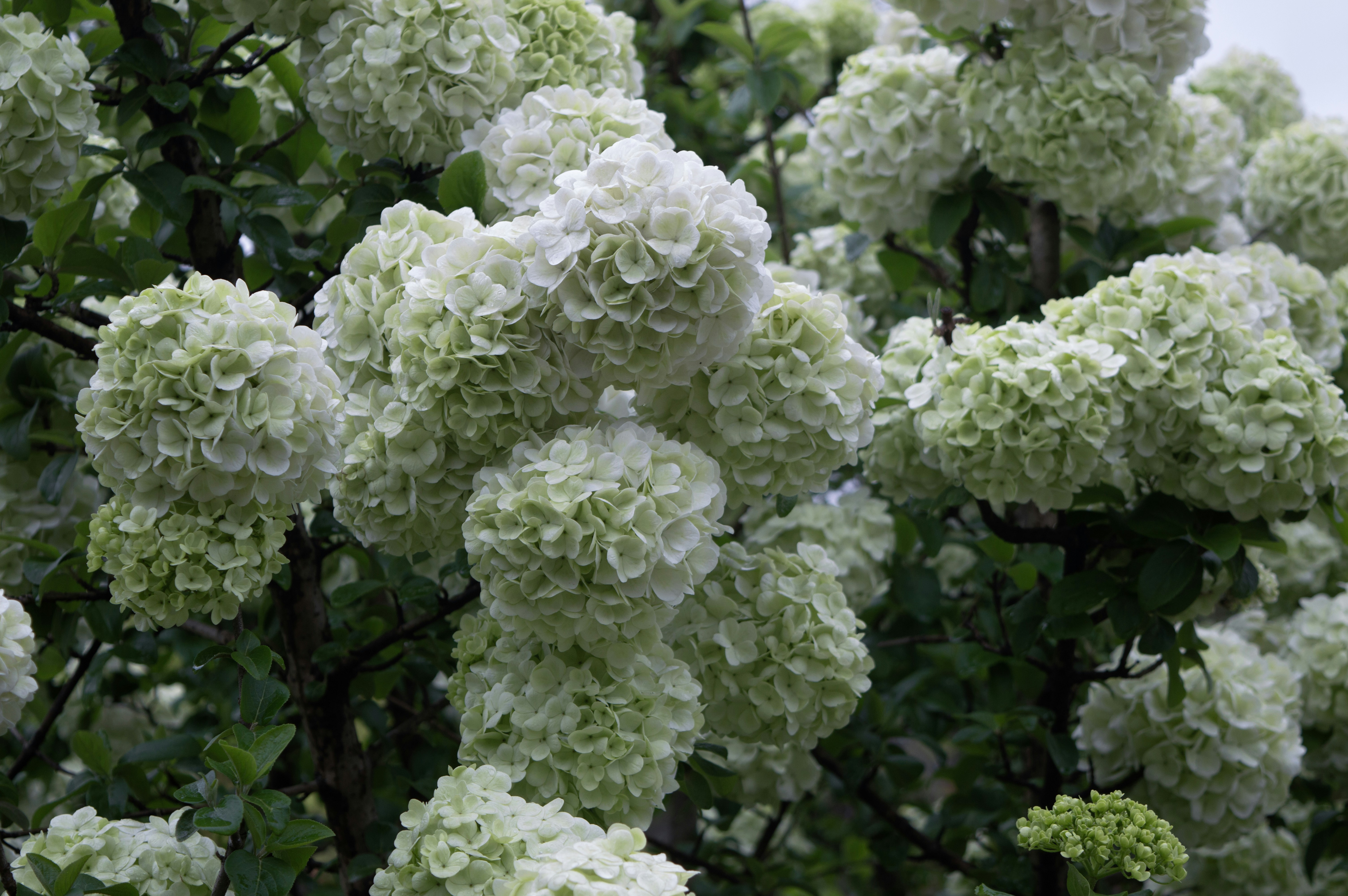 Photo by xiakuangkuang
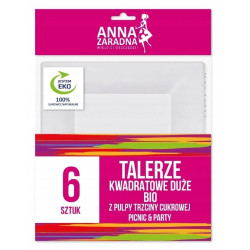 DUŻE TALERZE PROSTOKĄTNE 6SZT DUŻE BIO NA GRILLA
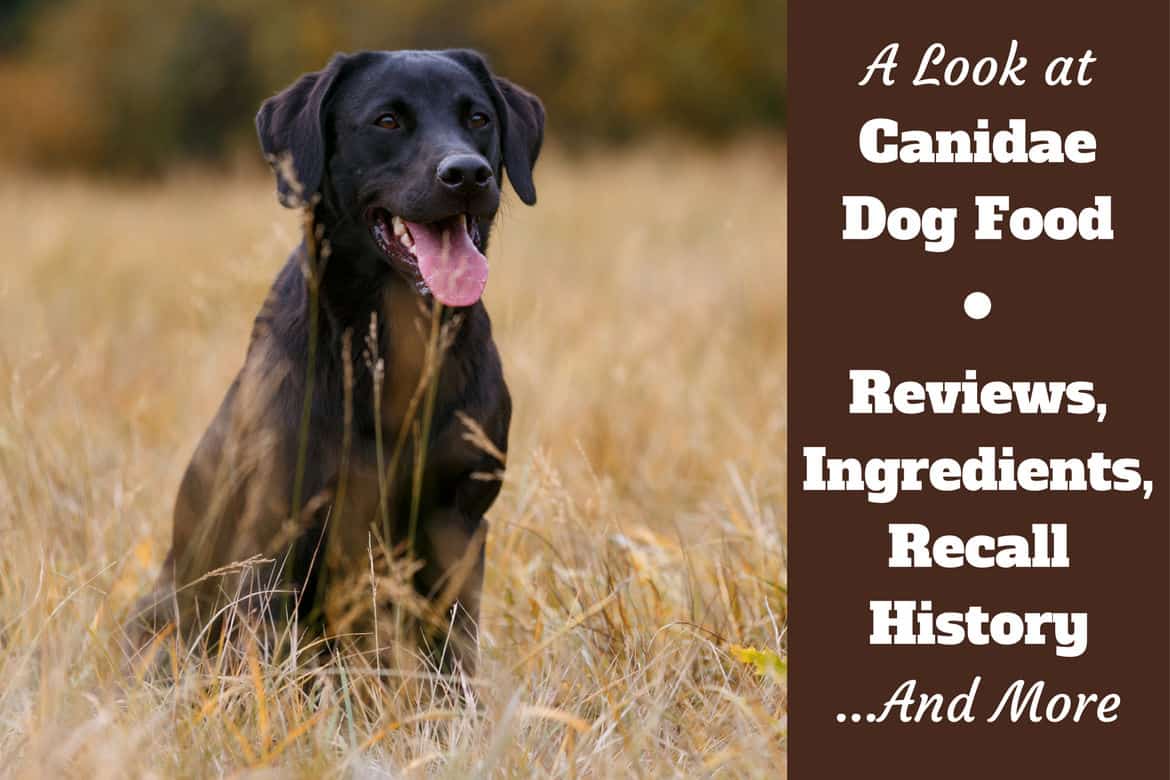 Canidae Dog Food Reviews Ingredients Recall History And Our Rating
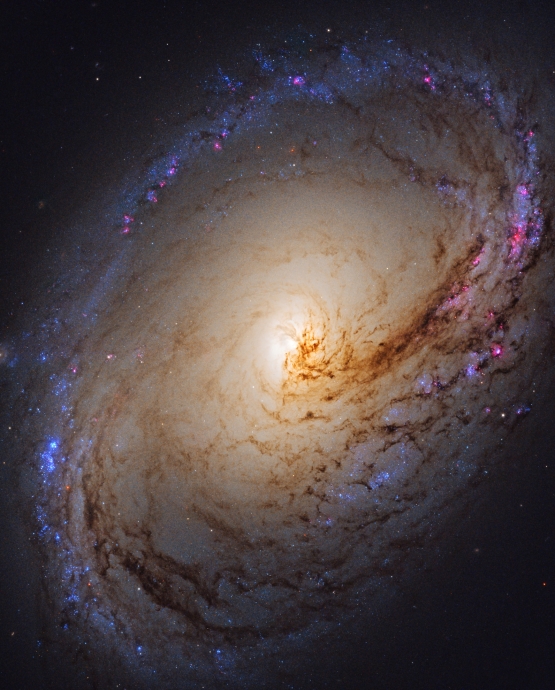 Спиральная галактика M96 имеющая диаметр около 100 тыс. св. лет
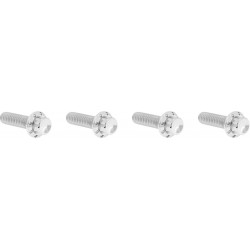 Комплект крепежни елементи TITANIUM 12PT TRANS TOP CVR POLISH ARLEN NESS 300-977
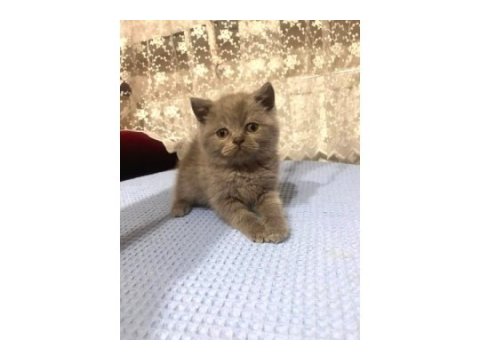 9 adet yavru kediler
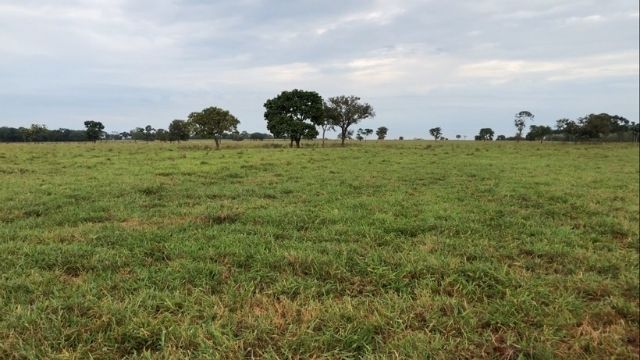 Tombar o solo arenoso com arado prejudica o pasto? 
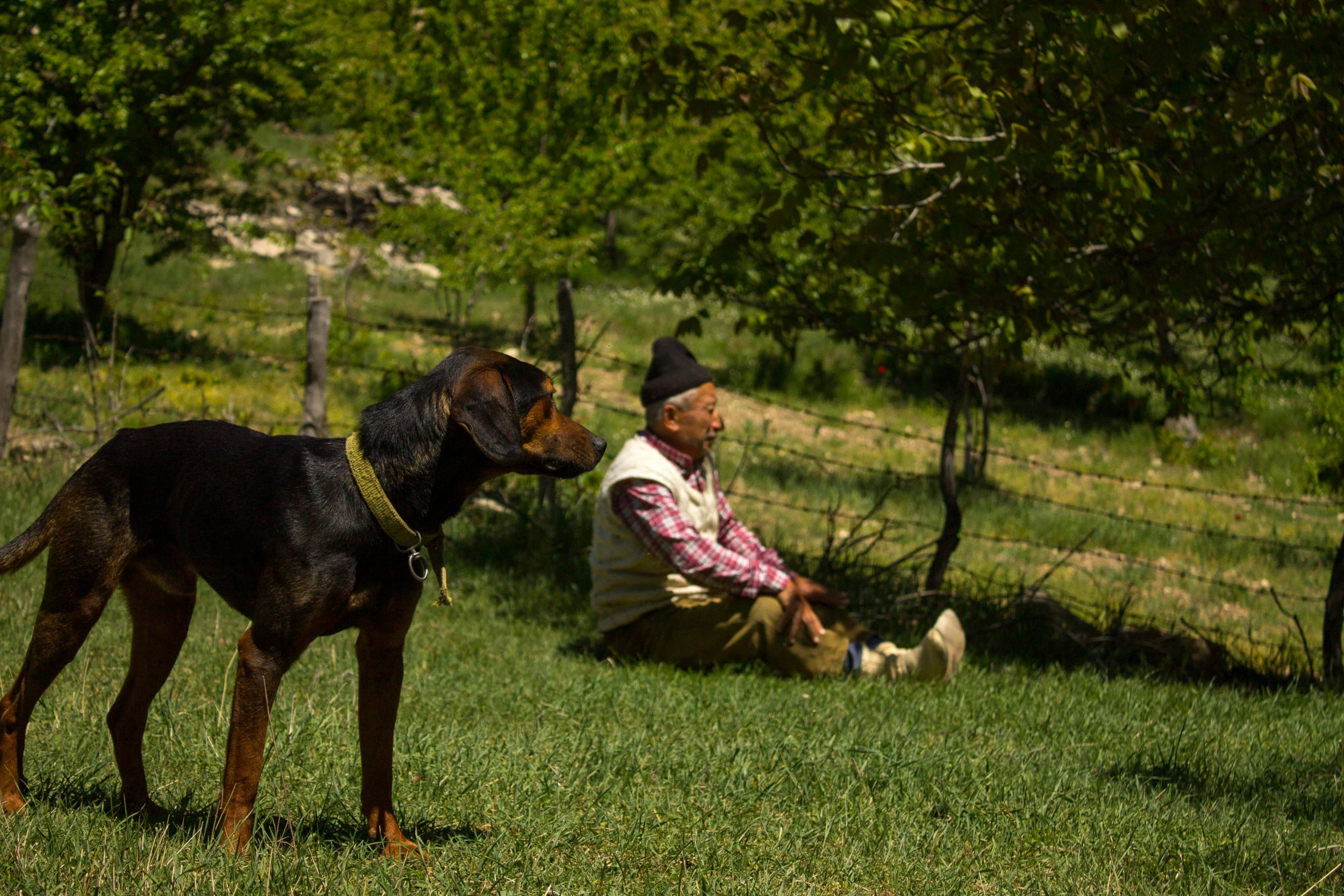 a man sitting on the ground next to a dog in a field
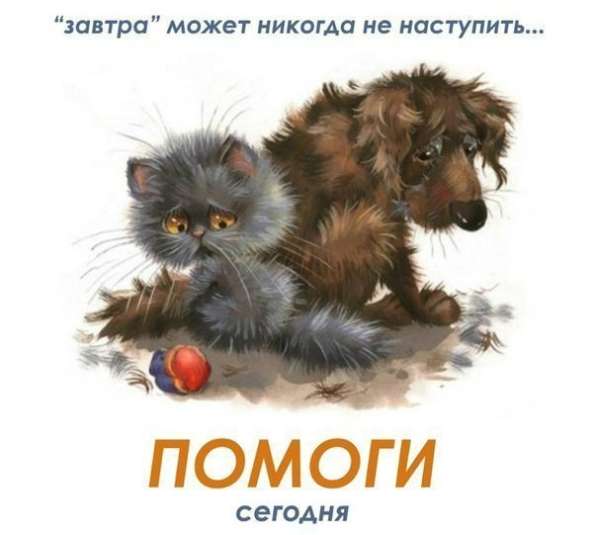 Спасите детей от холода и голода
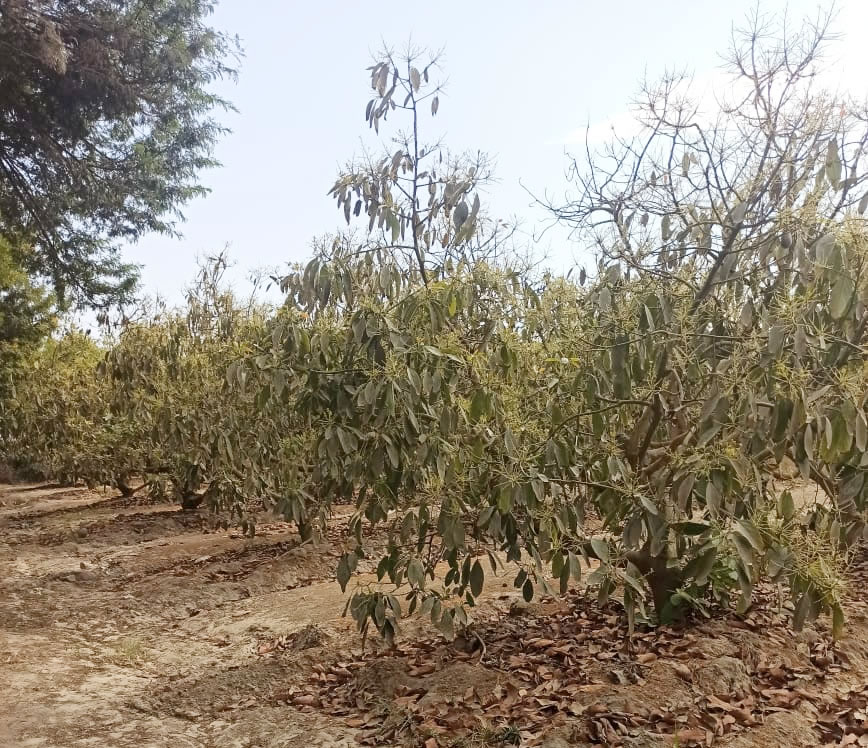 Se vende terreno agrícola de 5 hectáreas con plantones de palta en el distrito El Carmen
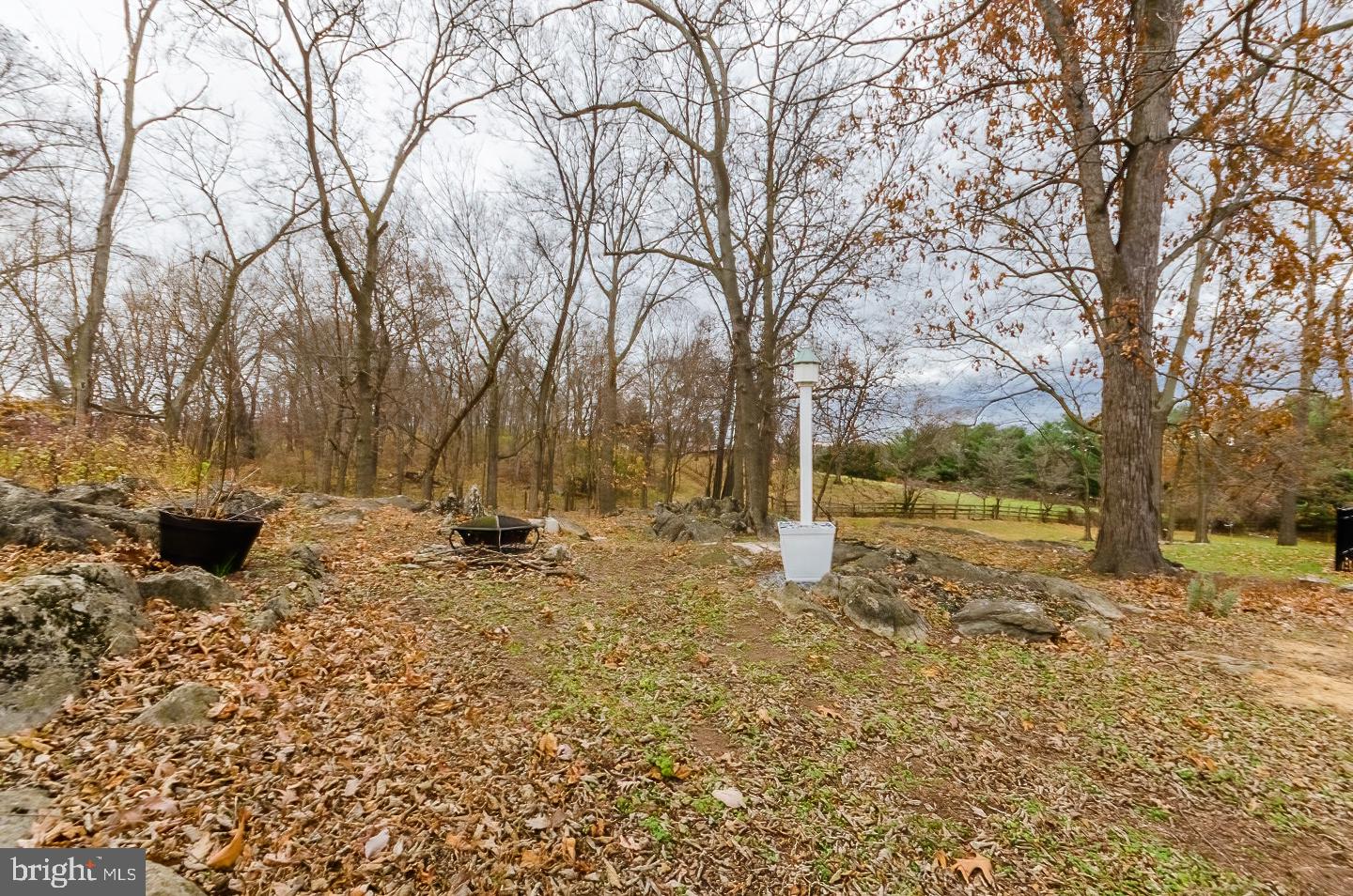 WILD ROSE - Residential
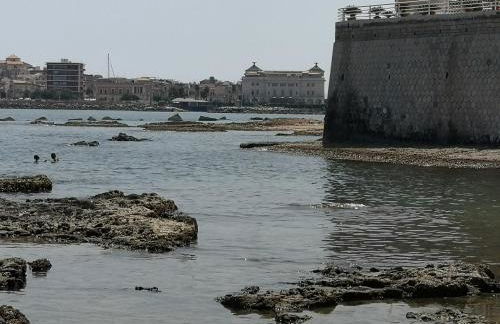 Alla Corte di Dionisio - Foto 58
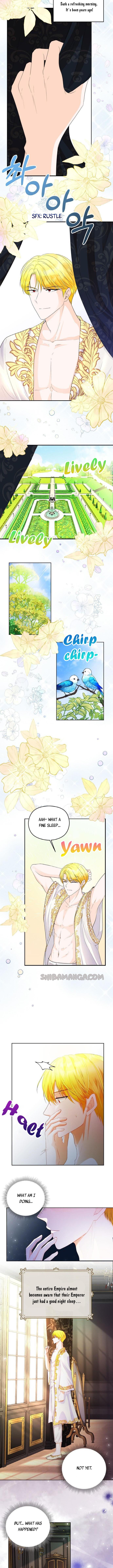 After the Insomnia Was Cured, the Tyrant Became Obsessive Chapter 4 43 2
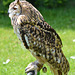 Bengal Eagle Owl 1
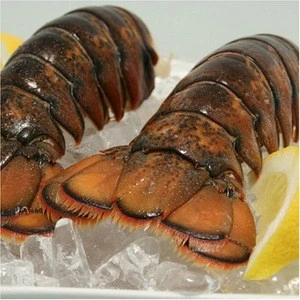 top Quality Frozen Canadian Lobster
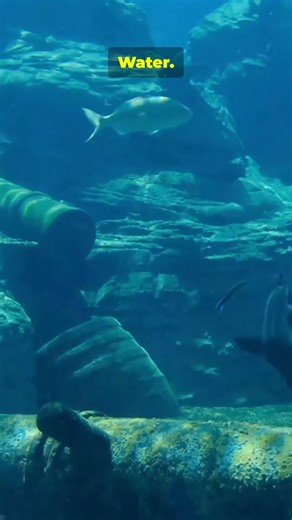 Jupiter Might Be Hiding Alien Life 👽 #universefacts #astronomy #jupiter #europa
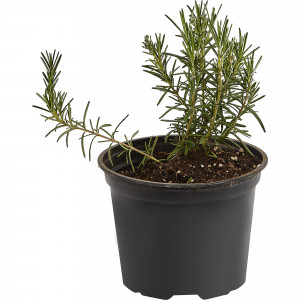 17897539 Розмарин лекарственный в сортах (V1.5л)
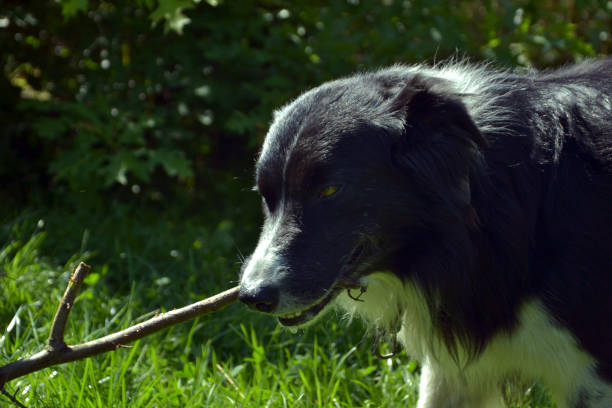 A Border collie playing with a stick in a garden, with grass and leaves. It's a young male.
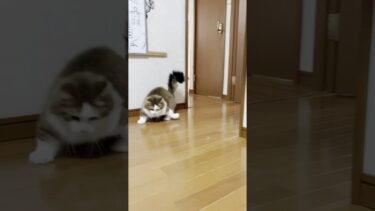 そんなに慌ててどこ行くの？【ひのき猫】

Aim of the exercise - Take the lines from the one containing "Canidae Dog Food" through the final line of the listing above and print them exactly, including both ends but no pictures.

Exercise result -
 Canidae Dog Food Reviews Ingredients Recall History And Our Rating
 Спиральная галактика M96 имеющая диаметр около 100 тыс. св. лет
 Комплект крепежни елементи TITANIUM 12PT TRANS TOP CVR POLISH ARLEN NESS 300-977
 9 adet yavru kediler
 Tombar o solo arenoso com arado prejudica o pasto? 
 a man sitting on the ground next to a dog in a field
 Спасите детей от холода и голода
 Se vende terreno agrícola de 5 hectáreas con plantones de palta en el distrito El Carmen
 WILD ROSE - Residential
 Alla Corte di Dionisio - Foto 58
 After the Insomnia Was Cured, the Tyrant Became Obsessive Chapter 4 43 2
 Bengal Eagle Owl 1
 top Quality Frozen Canadian Lobster
 Jupiter Might Be Hiding Alien Life 👽 #universefacts #astronomy #jupiter #europa
 17897539 Розмарин лекарственный в сортах (V1.5л)
 A Border collie playing with a stick in a garden, with grass and leaves. It's a young male.
 そんなに慌ててどこ行くの？【ひのき猫】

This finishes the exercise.